• TASK: Please give back each line of the listing, unchanged in every word.

• THE DATA:
---------------

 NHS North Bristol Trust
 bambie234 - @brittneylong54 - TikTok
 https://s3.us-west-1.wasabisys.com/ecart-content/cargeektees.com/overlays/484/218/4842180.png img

---------------

• ANSWER TO THIS PROBLEM:
 NHS North Bristol Trust
 bambie234 - @brittneylong54 - TikTok
 https://s3.us-west-1.wasabisys.com/ecart-content/cargeektees.com/overlays/484/218/4842180.png img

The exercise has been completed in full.